- _What you are asked to do_: The material below has pictures in it. Set down only the lines from the line containing "Read the Mobile" through the line containing "When you click", word for word, and leave the pictures behind.

- _Data to examine_:
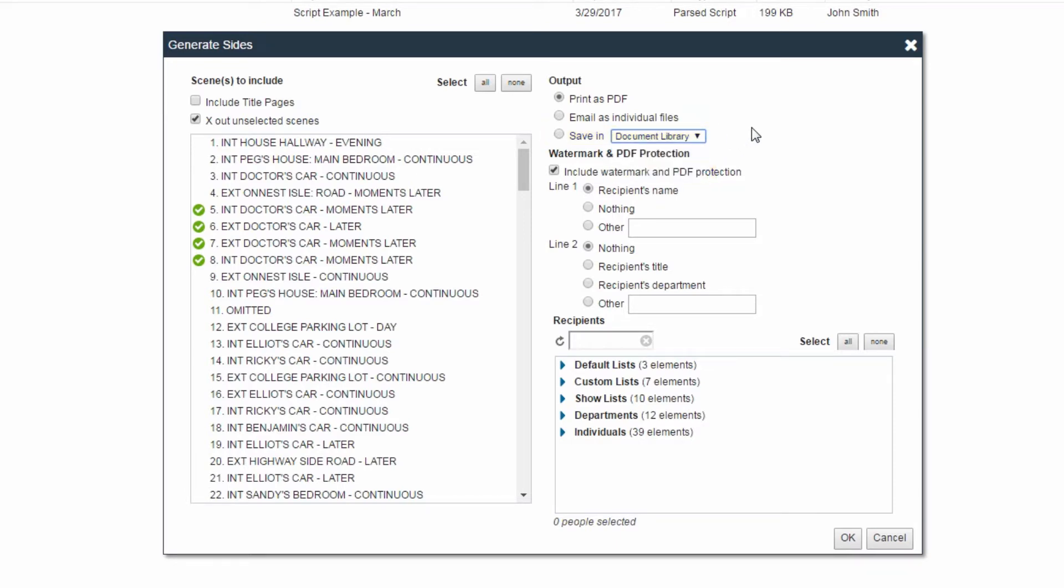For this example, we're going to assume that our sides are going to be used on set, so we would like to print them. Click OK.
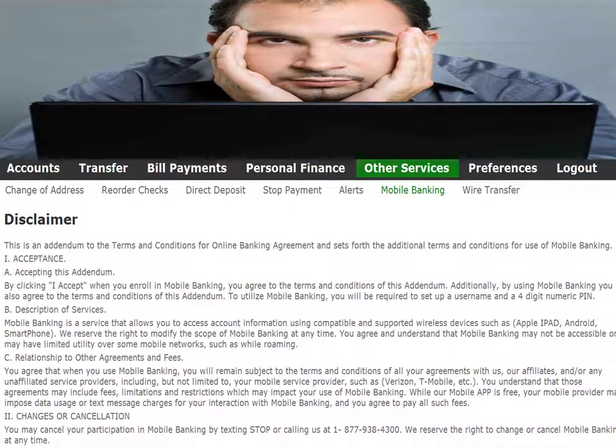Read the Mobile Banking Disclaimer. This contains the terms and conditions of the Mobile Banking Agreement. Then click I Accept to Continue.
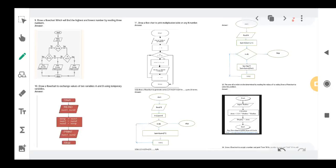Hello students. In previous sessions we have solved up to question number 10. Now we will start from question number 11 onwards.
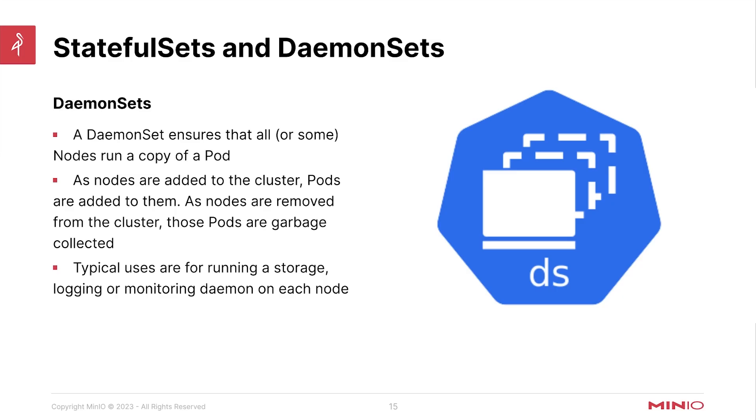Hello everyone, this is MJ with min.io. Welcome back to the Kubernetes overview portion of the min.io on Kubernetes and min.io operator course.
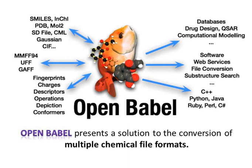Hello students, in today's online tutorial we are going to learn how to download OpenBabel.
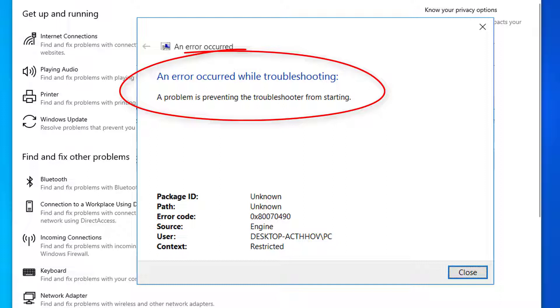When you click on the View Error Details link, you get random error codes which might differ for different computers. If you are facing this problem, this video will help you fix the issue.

==

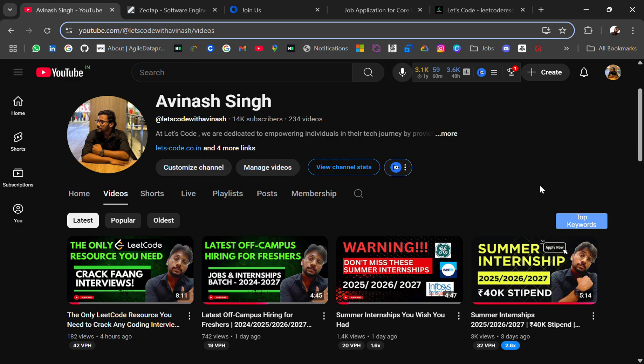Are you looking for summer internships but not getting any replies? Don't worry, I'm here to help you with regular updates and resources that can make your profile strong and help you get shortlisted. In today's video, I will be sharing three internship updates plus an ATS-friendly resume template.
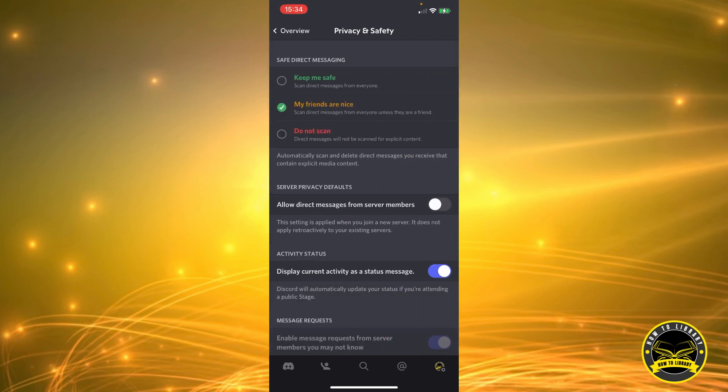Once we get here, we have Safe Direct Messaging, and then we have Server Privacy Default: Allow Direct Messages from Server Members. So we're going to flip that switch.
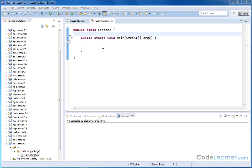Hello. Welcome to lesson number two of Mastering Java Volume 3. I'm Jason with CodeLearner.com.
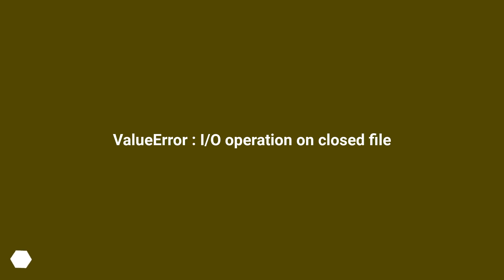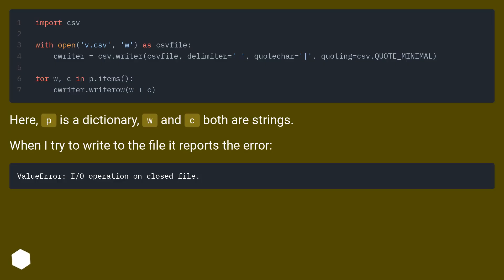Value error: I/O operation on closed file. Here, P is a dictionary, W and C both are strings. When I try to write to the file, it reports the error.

==

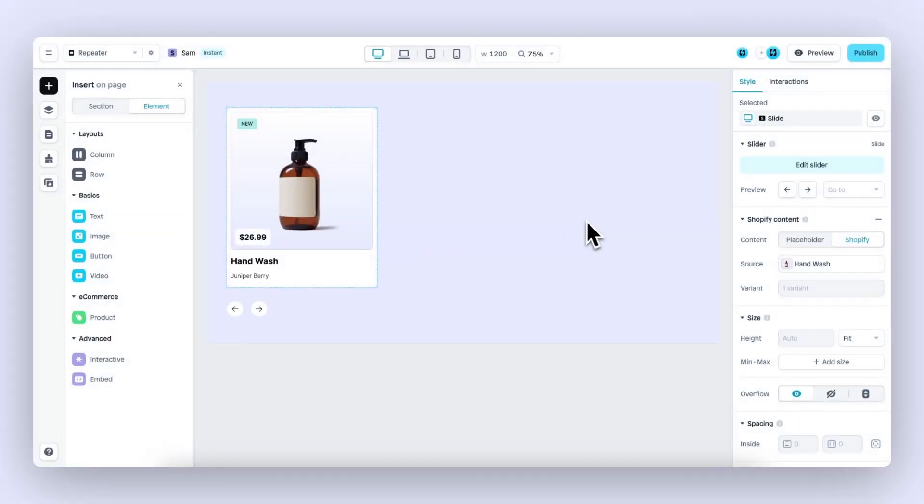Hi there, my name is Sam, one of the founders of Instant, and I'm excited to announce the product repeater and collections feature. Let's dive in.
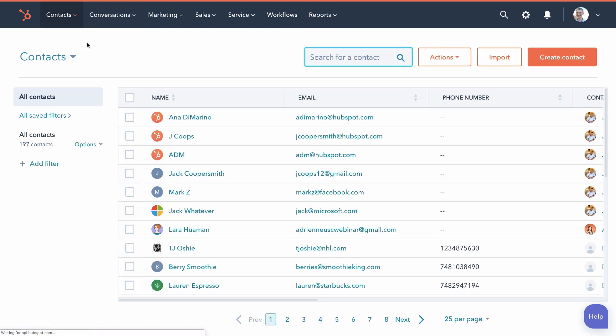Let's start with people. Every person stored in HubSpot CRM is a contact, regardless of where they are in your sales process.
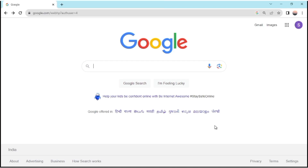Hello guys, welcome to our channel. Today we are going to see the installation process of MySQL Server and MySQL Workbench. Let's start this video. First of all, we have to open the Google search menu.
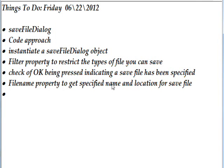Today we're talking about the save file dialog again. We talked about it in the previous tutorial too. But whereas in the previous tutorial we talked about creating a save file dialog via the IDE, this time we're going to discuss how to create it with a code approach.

- _Solution below_:
Read the Mobile Banking Disclaimer. This contains the terms and conditions of the Mobile Banking Agreement. Then click I Accept to Continue.
Hello students. In previous sessions we have solved up to question number 10. Now we will start from question number 11 onwards.
Hello everyone, this is MJ with min.io. Welcome back to the Kubernetes overview portion of the min.io on Kubernetes and min.io operator course.
Hello students, in today's online tutorial we are going to learn how to download OpenBabel.
When you click on the View Error Details link, you get random error codes which might differ for different computers. If you are facing this problem, this video will help you fix the issue.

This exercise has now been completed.